Clean up ByteBlockPool #12506

stefanvodita · 2023-08-12T22:24:43Z

There are several changes here. The ones that change public API:

Slice functionality is moved out from ByteBlockPool to its own class. There's probably more we can do here, but separating the slices from the block pool seems like a step in the right direction.
There was a comment asking not to modify the buffers array outside ByteBlockPool. I've made it private instead and readable through a getter to enforce that.
~~The various setBytesRef are consolidated. The offsets they worked with were all ints, so I've changed those that were declared as longs.~~

Functionality changes:

Calling newSlice with a size larger than a block will throw an exception.
~~Decoding a length larger than the remaining buffer space in setBytesRef will trip an assertion.~~
ramBytesUsage has become simpler, but produces the same result.
ByteBlockPool.Allocator.recycleByteBlocks is removed.
Throw an exception if the buffer index in ByteBlockPool.setBytesRef overflows.
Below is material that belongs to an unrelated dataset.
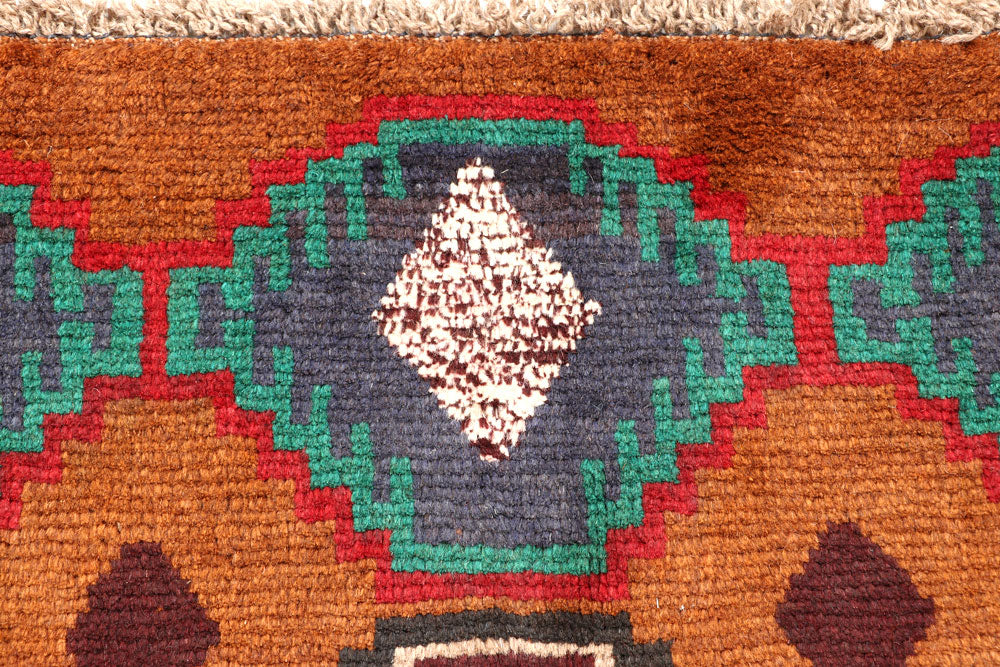 Multi Colored Baluchi 6' x 7' 7 - No. 57164 - ALRUG Rug Store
Other than that, comments and javadocs are updated or expanded.

Closes #6675.

stefanvodita · 2023-08-14T18:16:55Z

lucene/core/src/java/org/apache/lucene/util/ByteBlockPool.java

-   * 0</code> bytes before they reused or passed to {@link Allocator#recycleByteBlocks(byte[][],
-   * int, int)}. Calling {@link ByteBlockPool#nextBuffer()} is not needed after reset.
+   * Resets the pool to its initial state, reusing the first buffer and filling all buffers with
+   * {@code 0} bytes before they are reused or passed to {@link


I wonder if we really need to zero out the buffers that will be recycled. Maybe it makes more sense to have the recycling method do it if necessary?

+1 to make this cleaner (who zeros). Why does byte slicing even require pre-zero'd buffers?

Maybe open a follow-on issue for this? This change is already great.

Right, there's enough going on in this PR already. I opened an issue to look into this separately: #12734

stefanvodita · 2023-09-30T10:51:16Z

I noticed the failing checks on this PR, but I haven't been able to reproduce them. They appear related to the nested javadoc tags I had introduced. I've removed them now. Hopefully that satisfies the checks.

1. Move slice functionality to a separate class, ByteSlicePool. 2. Add exception case if the requested slice size is larger than the block size. 3. Make pool buffers private instead of the comment asking not to modify it. 4. Consolidate setBytesRef methods with int offsets. 5. Simplify ramBytesUsed. 6. Update and expand comments and javadoc.

stefanvodita · 2023-10-21T13:21:47Z

The last commit is a large rebase + conflict resolution after #12625 got merged. What this PR does hasn't really changed.

mikemccand · 2023-10-21T13:50:24Z

Thanks @stefanvodita -- I'll try to have a look soon! And thank you for gracefully handling the "two people made very similar changes" situation :)

This happens often in open source, but it's actually a good thing since you get two very different perspectives and the final solution is best of both.

mikemccand

This looks great, thanks @stefanvodita! I left a few minor comments...

I wonder if this will impact indexing performance ... I don't think we need to test before pushing, but let's watch the nightly run after this is merged to see if there was any impact?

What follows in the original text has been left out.